Per questo motivo la necessità, alla stregua di una forza gravitazionale, riunirebbe ben presto i nostri emigranti appena sbarcati in una società, dove i reciproci vantaggi sostituirebbero, rendendoli superflui, gli obblighi della legge e del governo fintanto che essi rimanessero perfettamente corretti l’uno nei confronti dell’altro. Ma dal momento che soltanto il cielo è impenetrabile al vizio, accadrà inevitabilmente che, superate mano a mano quelle prime difficoltà legate all’emigrazione che li avevano portati a fare causa comune, questi uomini cominceranno a provare meno attaccamento al proprio dovere e verso i Ipropri simili; e questa loro trascuratezza farà emergere la necessità di stabilire una qualche forma di governo che sopperisca all’insufficienza delle virtù morali.

Un albero adatto si presterà a fungere da parlamento, e sotto i suoi rami l’intera colonia potrà riunirsi per deliberare su questioni di pubblico interesse. È più che probabile che le loro prime leggi verranno chiamate semplicemente regole, e che l’unica sanzione per fari e rispettare sarà la pubblica disistima. In virtù del diritto naturale, in questo primo parlamento ogni uomo avrà un suo seggio. Mano a mano che la colonia cresce, tuttavia, aumenteranno in ugual misura i problemi d’interesse generale; e la distanza che potrà separare alcuni membri della società dagli altri renderà troppo scomodo il riunirsi tutti ad ogni occasione come avveniva all’inizio, quando il loro numero era esiguo, le loro abitazioni vicine, e le questioni di pubblico interesse poche e di scarsa importanza.

Diventerà allora chiaro quanto sia conveniente accettare che la parte legislativa venga affidata a un numero limitato di individui scelti all’interno della comunità, che si suppone condividano gli stessi interessi di coloro che li hanno designati e che si comporteranno nello stesso modo in cui si comporterebbe l’intera comunità se fosse presente. Se la colonia continua a ingrandirsi, sarà necessario aumentare il numero dei suoi rappresentanti; e per fare in modo che vengano tutelati gli interessi di ogni categoria della comunità, la soluzione migliore sarà quella di dividerla opportunamente in settori, ognuno dei quali invierà un adeguato numero di rappresentanti.

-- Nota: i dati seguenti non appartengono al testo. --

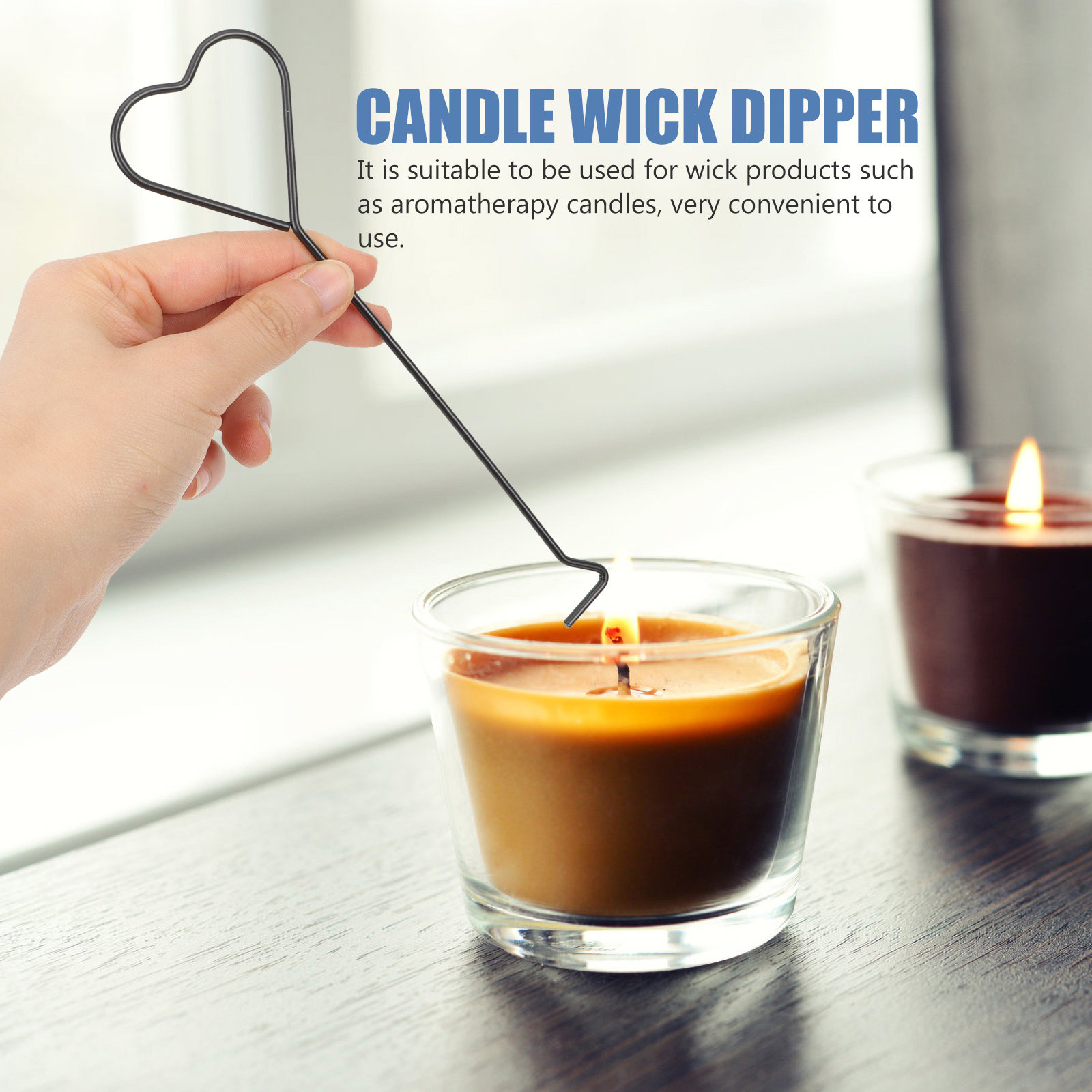 4Pcs Wick Dippers Heart Design - Wick Dipper Tool recension och pris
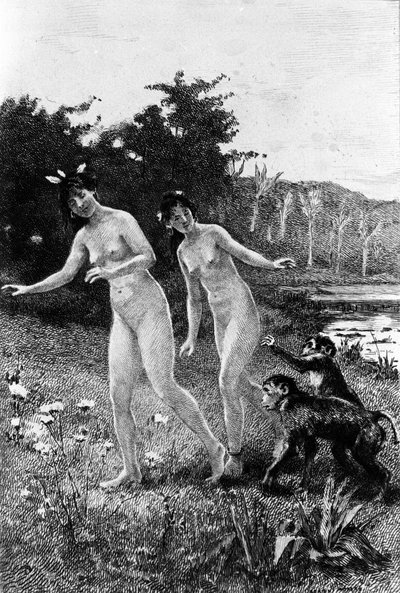 Engraving by Adrien Moreau illustrating 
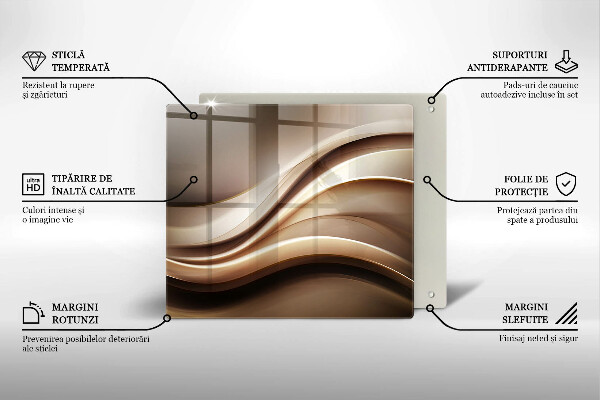 Kitchen worktop protector Abstraction mild lines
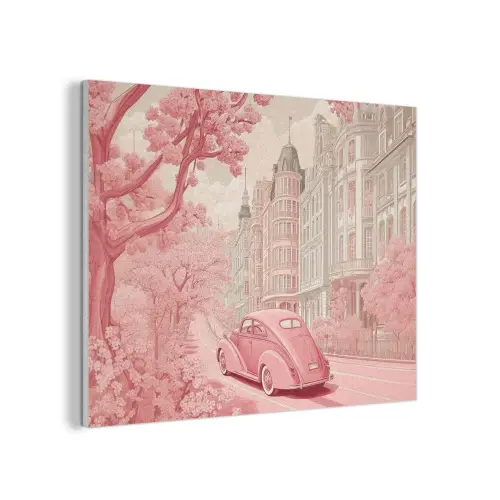 City - Car - Pink PET vilt klein -3d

Per evitare che gli eletti possano mai crearsi un interesse distinto da quello dei loro elettori, la prudenza suggerirà di indire le elezioni con molta frequenza; difatti, se grazie a questo meccanismo la persona che è stata eletta tornerà a mescolarsi alla massa degli elettori nel giro di pochi mesi, la sua fedeltà nei confronti della collettività verrà garantita dalla sua prudente preoccupazione di non scavarsi la fossa con le proprie mani. E dato che questo frequente avvicendamento instaurerà un interesse comune tra tutti i settori della comunità, essi si sosterranno gli uni con gli altri in modo reciproco e naturale; da questo (e non dal vano titolo di re) dipendono la forza del governo e la felicità dei governati.

Tali sono, dunque, l’origine e la fonte del governo, ossia di quello strumento che è reso necessario dall’incapacità delle virtù morali di governare il mondo; e tali sono anche il fine e lo scopo del governo, cioè la libertà e la sicurezza.